Angklung tidak bisa dipisahkan dari budaya berladang. Saat ritual adat Seren Taun di Kuningan, ada agenda pembuangan hama, bukan pemusnahan, di Situ Hyang. Saat itu, warga berjalan sambil menabuh bambu. Harapannya, pada masa tanam selanjutnya hama dapat dikendalikan.
Menurut Dadang Sudarsa (61), seniman sekaligus perajin angklung di Kuningan, pada 1990-an, angklung pentatonik dimainkan dalam pentas seni Reog Cengal bersama gong dan gendang.
Dadang merupakan murid Muhammad Satari, yang dikenal sebagai Pak Kucit, yang diyakini sebagai pembuat angklung pertama di Kuningan. Kucit merupakan singkatan dari Kuwu (kepala desa) Citangtu.
”Dulu, di desa ini ada dua perajin murid Pak Kucit. Sekarang, tinggal saya yang masih hidup,” ujar Dadang yang pandai membuat suling hingga terompet khas pencak silat. Ia memperkirakan, tersisa tiga perajin yang masih aktif membuat angklung di Kuningan.
Padahal, Kuningan kaya dengan pohon bambu yang tersebar di Cigugur, Maleber, dan Luragung. Pemerintah Kabupaten Kuningan membuat taman tematik khusus bambu di Kebun Raya Kuningan. Bambu untuk angklung harus berumur lebih dari dua tahun.
Bambu harus diambil pada bulan tertentu, yakni Februari-Juni. Sebelum perubahan iklim tak menentu seperti sekarang, saat itu biasanya musim kemarau. Dengan kadar air yang minim, kualitas angklung bakal lebih baik.

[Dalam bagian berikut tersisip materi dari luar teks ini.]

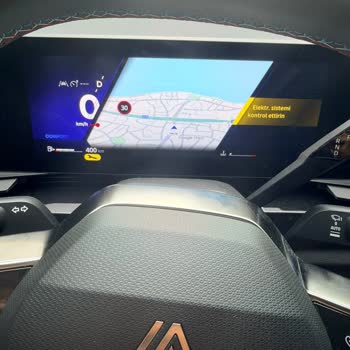 Renault Servisinde Arıza Tespiti Uzun Sürüyor Ve İkame Araç Sağlanmıyor
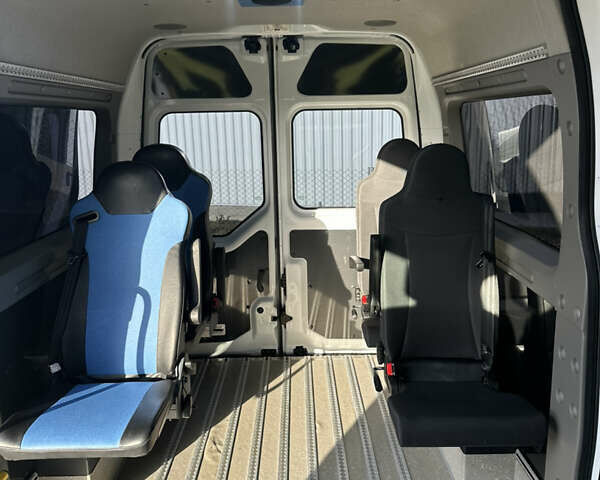 Белый Рено Мастер, объемом двигателя 2.3 л и пробегом 325 тыс. км за 18300 $, фото 21 на Automoto.ua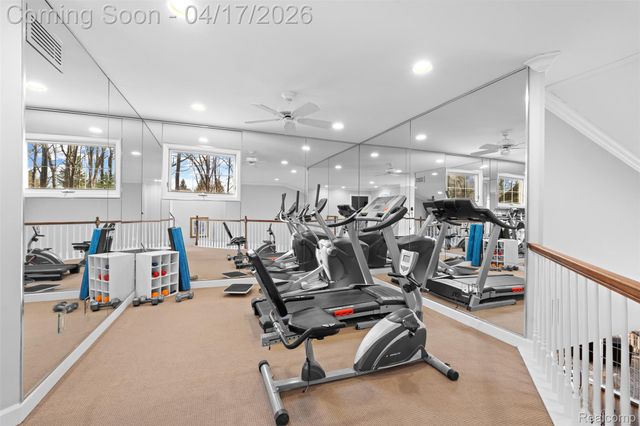 5146 Lagoons Circle 22, West Bloomfield Charter Township, MI 48323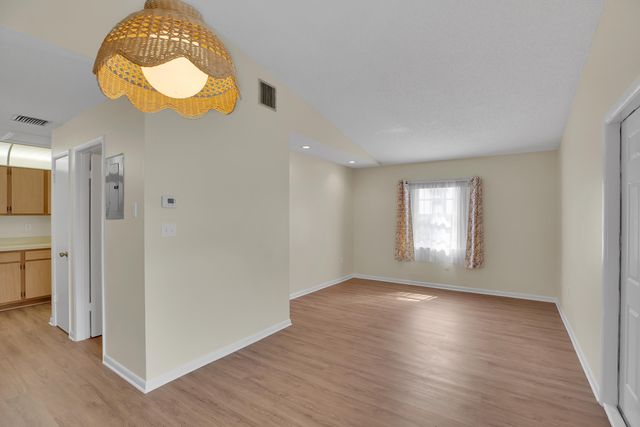 2007 Oleander Boulevard Apt D, Fort Pierce, FL 34950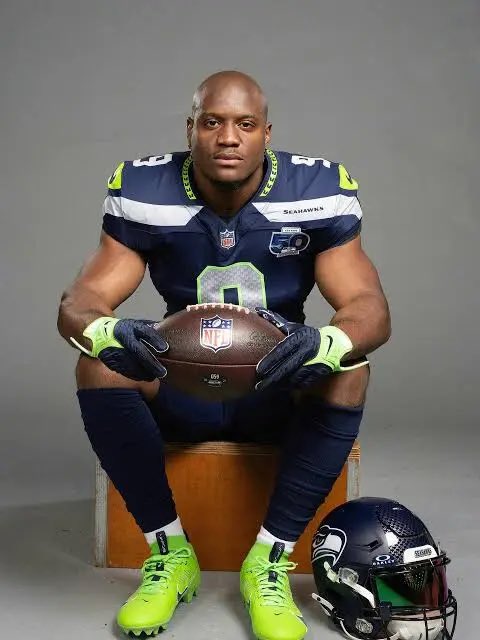 FearBuck tweet media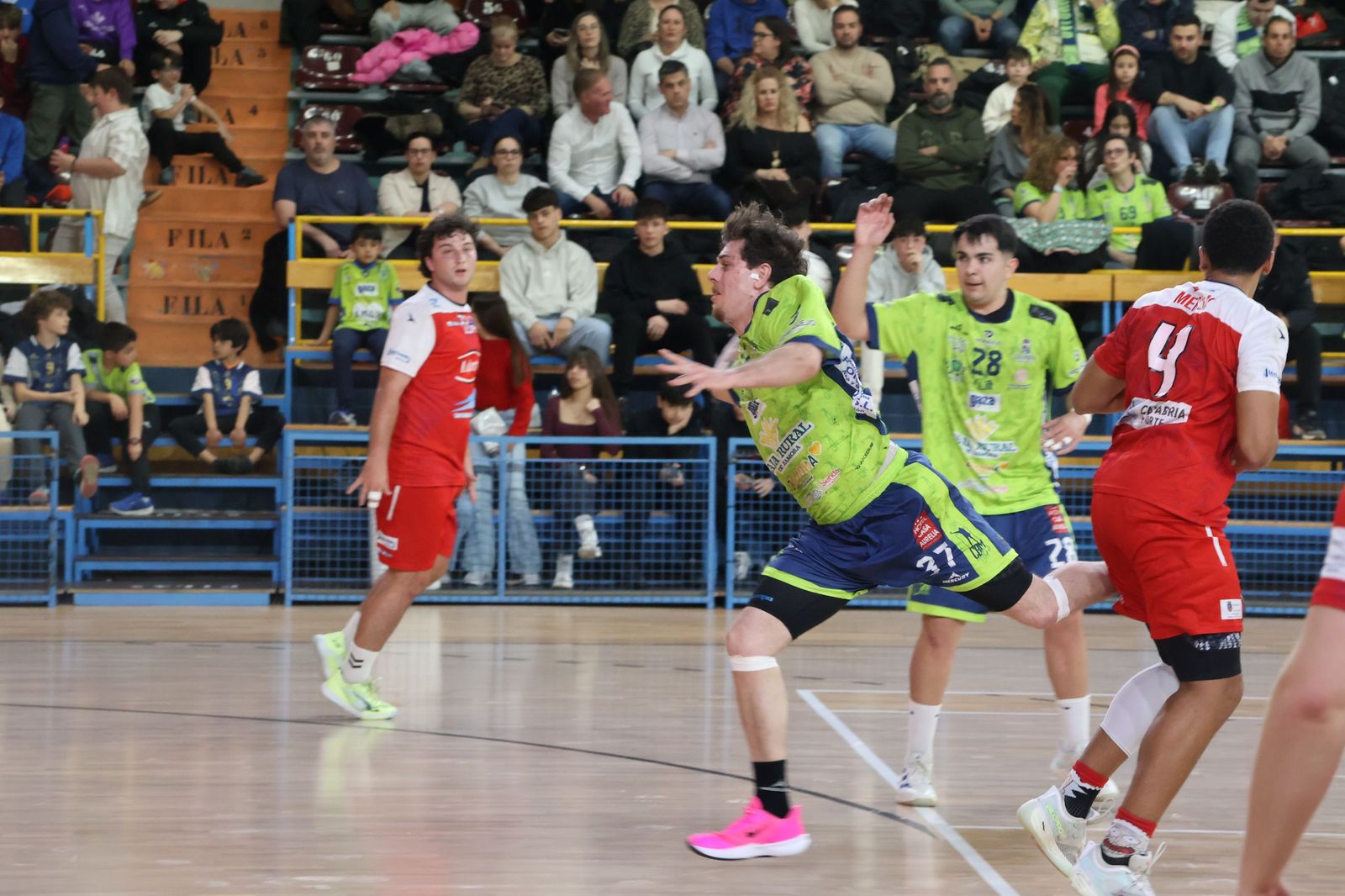 GALERÍA | Revive el apasionante duelo entre el Balonmano Zamora y el Ciudad de Santander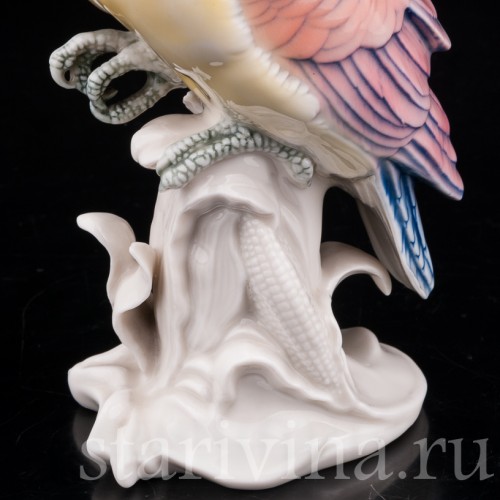 Статуэтка птицы из фарфора Попугай какаду на кукурузе, Karl Ens, Германия, 1920-30 гг.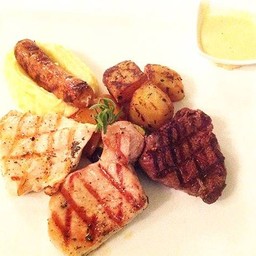 MIXED GRILL MEATS SELECTION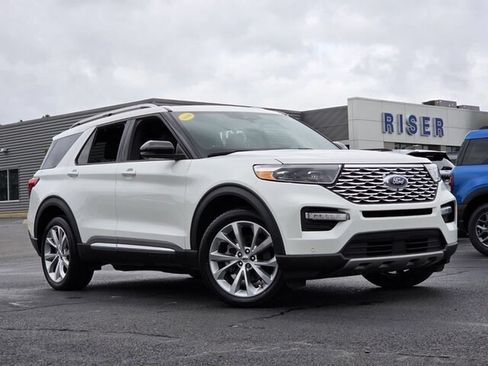 Used 2021 Ford Explorer Platinum w/ Equipment Group 601A AWD/4WD image 23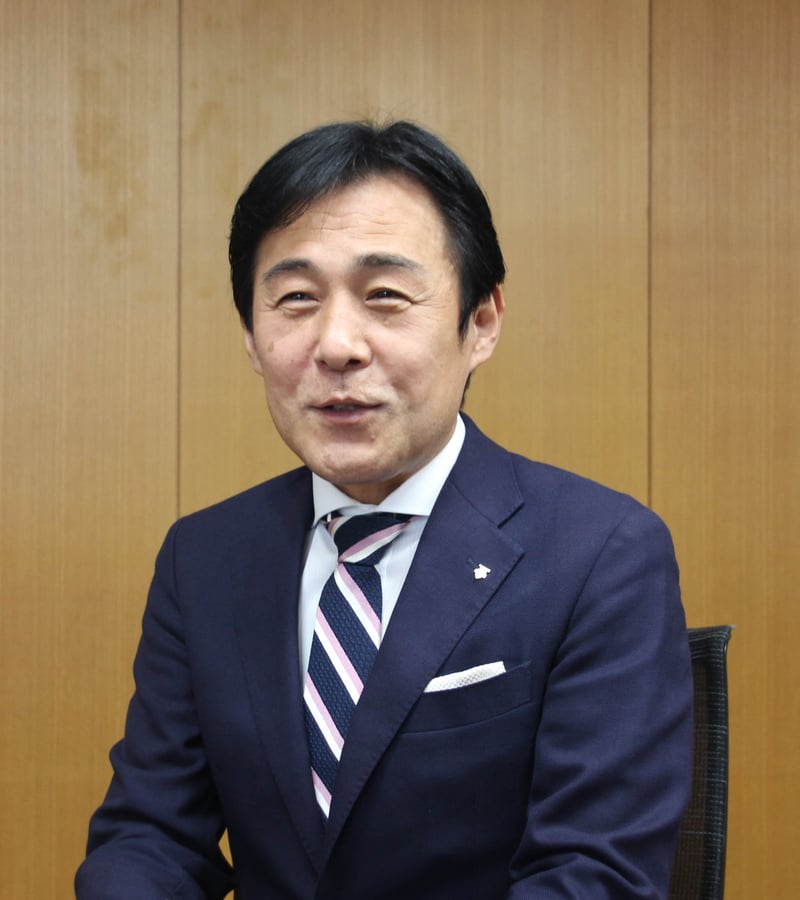 デサントアパレルの塔筋祥平社長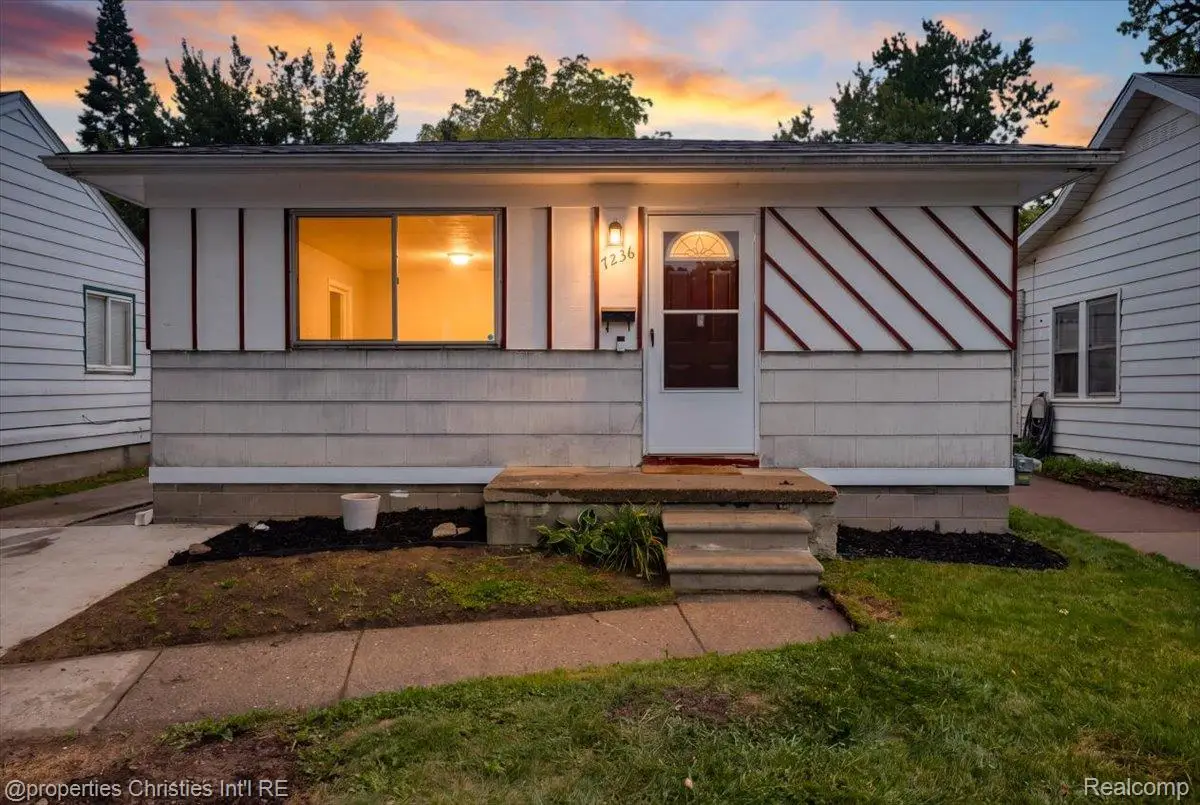 7236 Meadow Avenue, Warren, MI 48091 - #1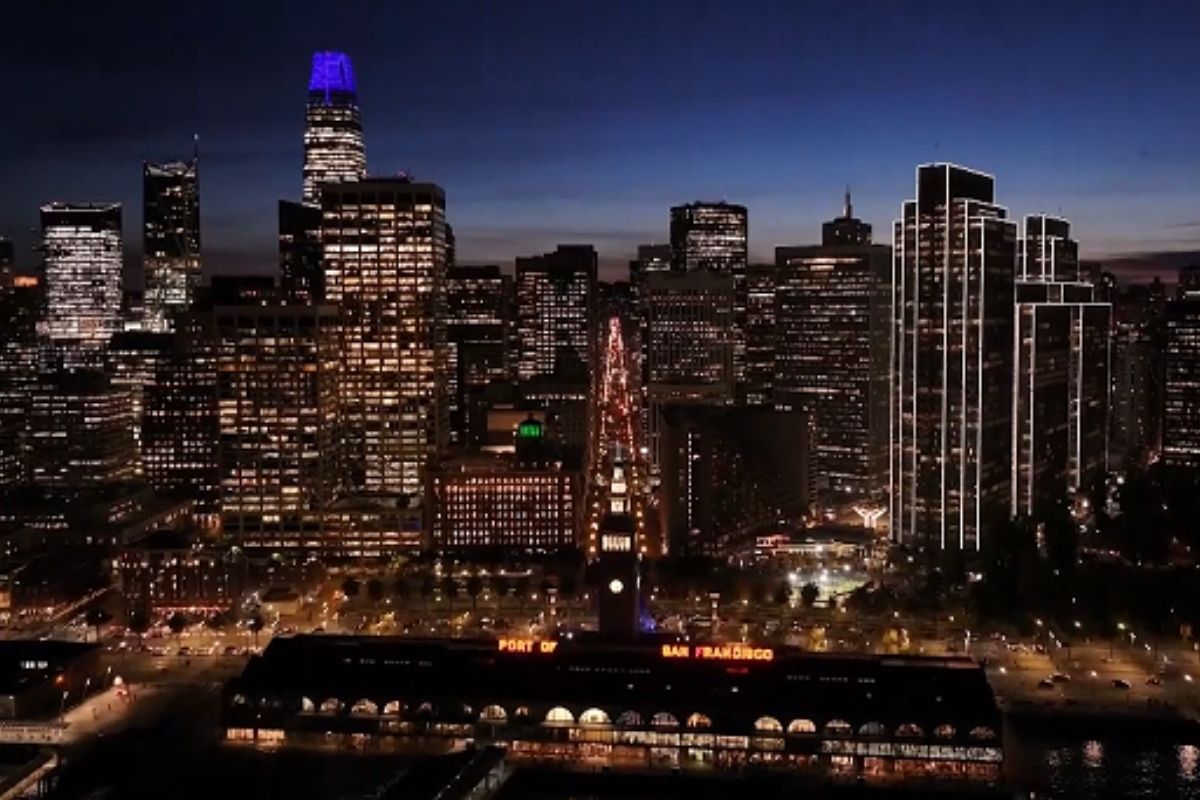 San Francisco’da gökyüzünün renkleri ve şehir ışıkları havadan görüntülendi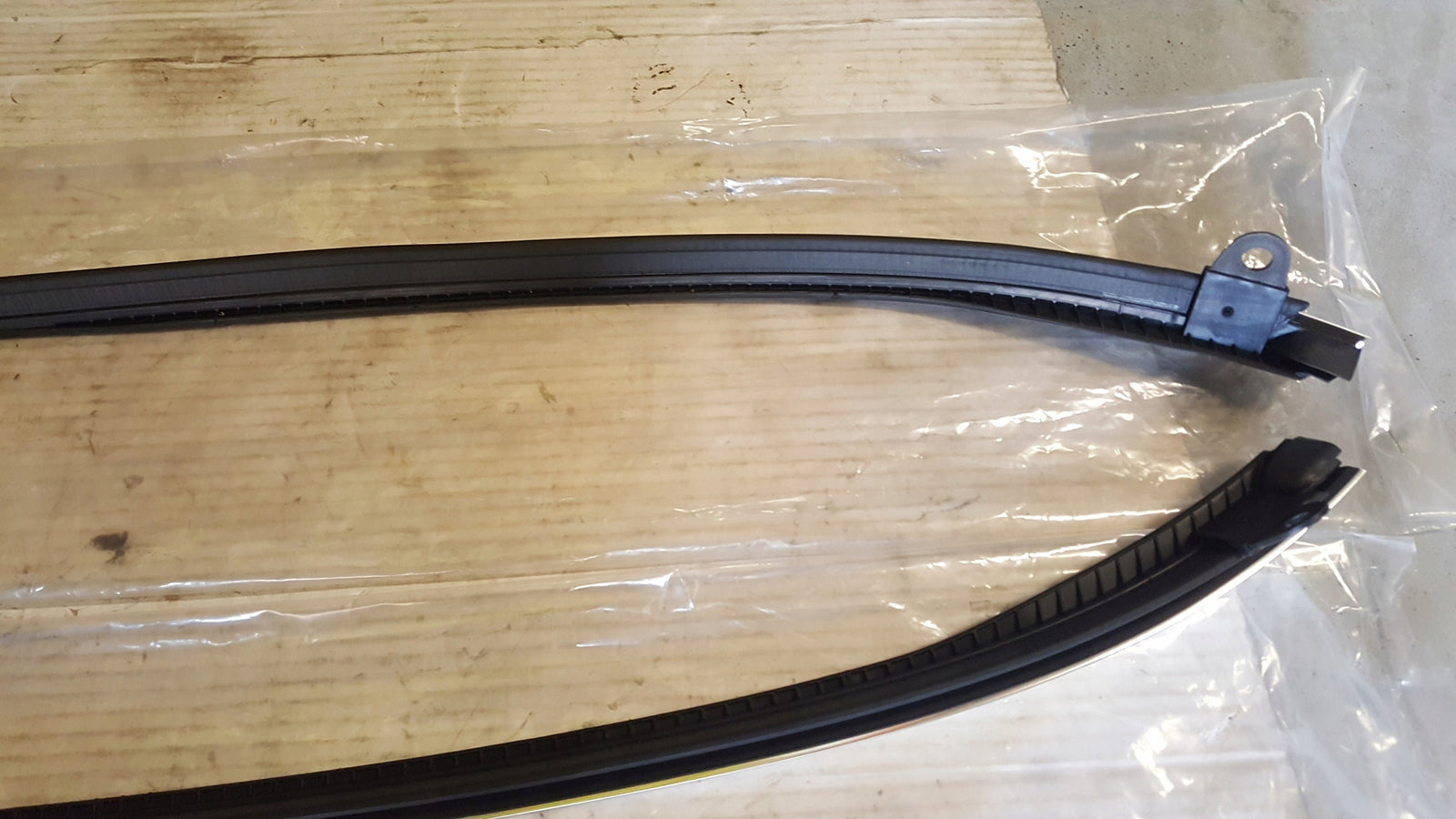Listwy chrom L+P VW BEETLE cabrio 5C3853299D/300D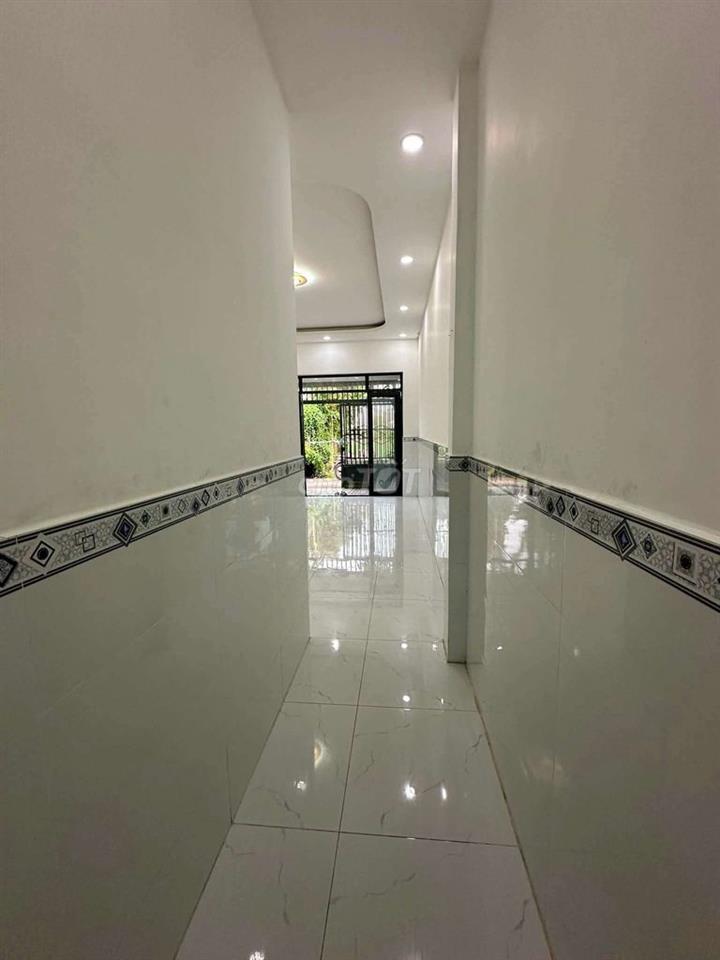 Bán nhà mới đẹp, (4 x 16), 2 PN, Thạnh Xuân 31, Quận 12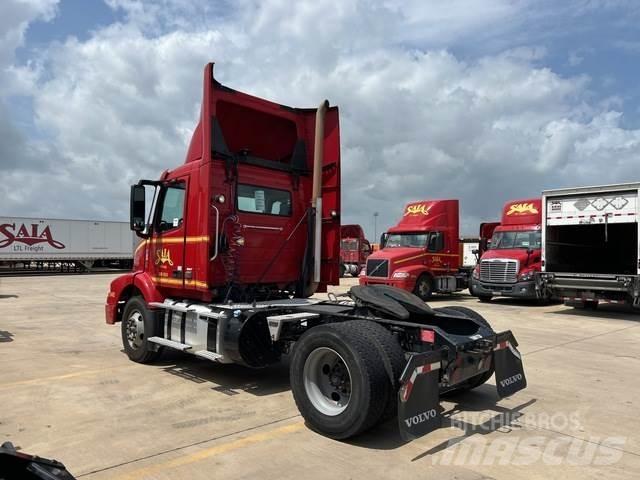 Volvo VNM Tracteur routier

Dadang mengatakan, beberapa tahun terakhir, permintaan angklung dari Kuningan dan Cirebon meningkat. ”Saya pernah bikin 600 angklung. Dulu 1990-an paling banyak cuma 40 angklung. Mungkin perajinnya sekarang sudah tak banyak. Saya pernah membuka pelatihan pembuatan angklung gratis. Namun, tidak ada yang tertarik,” ujar Ketua Nayaga Kuningan tersebut.
Pendi (45), pendiri Sanggar Angklung Lumbu di Cigugur, berharap Pemkab Kuningan mendukung perajin angklung yang tinggal sedikit.
Kepala Dinas Pemuda, Olahraga, dan Pariwisata Kuningan Jaka Chaerul mengatakan, pihaknya berupaya mengembangkan angklung dengan mencanangkan angklung sebagai kegiatan ekstrakurikuler sekolah hingga festival untuk menarik wisatawan. ”Namun, anggaran untuk pengembangan destinasi wisata hanya Rp 200 juta. Anggaran pariwisata keseluruhan Rp 4 miliar. Padahal, tahun 2017 Rp 22 miliar,” katanya.
Angklung Kuningan telah menorehkan sejarah untuk peradaban dunia. Ini menjadi alasan untuk tetap melestarikan angklung.